Aber die Stimmung macht’s: Am Ende eines Gefechts sorgen gewisse Gesten wieder für den richtigen Flair. Mit einer gekonnten Bewegung wird das Schwert abgewischt und weggesteckt. Landet man einen besonders guten Treffer, kann dies andere Gegner sogar in einen Schockmoment versetzen, der Raum für neue Angriffe bietet. Ja, blutig ist es schon. Aber wer das nicht mag, kann die Anzeige auch recht einfach abschalten, genauso wie andere Details sich verändern lassen. Übrigens auch die Rüstung, die sichtbar unterschiedlich ist. Irgendwo auf Tsushima soll sich auch legendäres Equipment befinden, das entsprechend seiner Wirkung aber auch besser versteckt ist.
Der Stil ist im Vergleich zu „The Last of Us Part II“ weniger realistisch, eher wie einem Gemälde entsprungen. Dafür kann man sich in den Punkten Lichtspiele und Wettereffekte so richtig austoben! Der Fotomodus bietet viele Optionen, die alle für sich so hübsch aussehen, dass man sich schnell einmal einige Zeit darin verliert. Als Hommage an alte Samurai-Filme kann man das gesamte Spiel übrigens auch in Schwarzweiß erleben, wobei sich obendrein auch noch die Soundkulisse verändert. Dies hat keinen weiteren Einfluss auf das Geschehen, ist durch den spannenden Gedanken aber definitiv hervorzuheben.

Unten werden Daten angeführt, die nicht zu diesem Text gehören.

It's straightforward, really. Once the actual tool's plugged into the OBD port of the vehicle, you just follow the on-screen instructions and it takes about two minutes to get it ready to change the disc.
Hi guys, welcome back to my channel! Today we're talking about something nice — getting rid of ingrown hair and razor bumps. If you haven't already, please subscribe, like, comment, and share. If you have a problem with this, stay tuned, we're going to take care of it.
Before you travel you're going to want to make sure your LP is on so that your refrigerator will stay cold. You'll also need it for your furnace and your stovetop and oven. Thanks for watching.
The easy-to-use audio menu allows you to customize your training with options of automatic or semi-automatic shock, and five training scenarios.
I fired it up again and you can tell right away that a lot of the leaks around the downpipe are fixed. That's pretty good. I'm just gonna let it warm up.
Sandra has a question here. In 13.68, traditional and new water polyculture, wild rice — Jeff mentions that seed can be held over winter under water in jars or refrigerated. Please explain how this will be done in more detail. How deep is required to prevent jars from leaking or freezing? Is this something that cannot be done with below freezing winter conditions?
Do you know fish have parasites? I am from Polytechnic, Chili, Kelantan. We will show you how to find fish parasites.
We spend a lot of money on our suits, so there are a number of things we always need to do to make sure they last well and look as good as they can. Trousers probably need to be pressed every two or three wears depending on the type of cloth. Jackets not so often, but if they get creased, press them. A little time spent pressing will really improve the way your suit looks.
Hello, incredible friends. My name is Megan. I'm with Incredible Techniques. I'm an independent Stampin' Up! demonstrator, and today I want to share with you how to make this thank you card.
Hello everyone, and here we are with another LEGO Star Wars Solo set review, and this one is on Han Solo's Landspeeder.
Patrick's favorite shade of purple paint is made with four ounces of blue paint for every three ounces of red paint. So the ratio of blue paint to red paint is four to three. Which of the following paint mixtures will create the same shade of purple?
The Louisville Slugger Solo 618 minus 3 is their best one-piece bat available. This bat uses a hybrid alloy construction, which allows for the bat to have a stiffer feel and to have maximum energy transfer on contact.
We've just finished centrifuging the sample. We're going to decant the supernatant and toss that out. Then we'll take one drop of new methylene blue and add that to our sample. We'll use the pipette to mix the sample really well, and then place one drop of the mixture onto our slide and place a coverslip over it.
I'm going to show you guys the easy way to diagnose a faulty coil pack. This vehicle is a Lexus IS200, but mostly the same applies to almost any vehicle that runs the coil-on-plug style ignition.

In der Open World von „Ghost of Tsushima“ gibt es insgesamt viel zu sehen und zu entdecken. Ob man dem Wind folgt oder auf dem Rücken seines treuen Pferdes durch die Welt galoppiert, ist uns überlassen. Zu Fuß lässt sich die Insel ebenso erkunden wie ohne der Natur entsprungenen Hilfsmittel – auch wenn der Wind als Zeichen des verstorbenen Vaters oder sogar der Götter eine weitere schöne mystische Komponente bietet. Zu den eigenen Flötenklängen, Haikus und bei kulissenstarken Sonnenuntergängen wird es besonders schön. Filmfans werden sich am Zusammenspiel von Bildästhetik und Musik besonders erfreuen. Ilan Eshkeri (47 Ronin) und Shigeru Umebayashi (Der Fluch der goldenen Blume) zeichnen für den Soundtrack verantwortlich, der die Stimmung abrundet. Diese ist letztlich auch der Haupttreiber des Spiels. Bewertet man die Story entsprechend als elementarer als die Kämpfe, sind die Schwächen in KI und Kampf auch deutlich abgemildert. Wer eine spielerische Herausforderung sucht, wird vor dem Einstieg einige Anpassungen machen müssen. Um Spieler visuell in seinen Bann zu ziehen hat „Ghost of Tsushima“ aber den richtigen Pfad beschritten.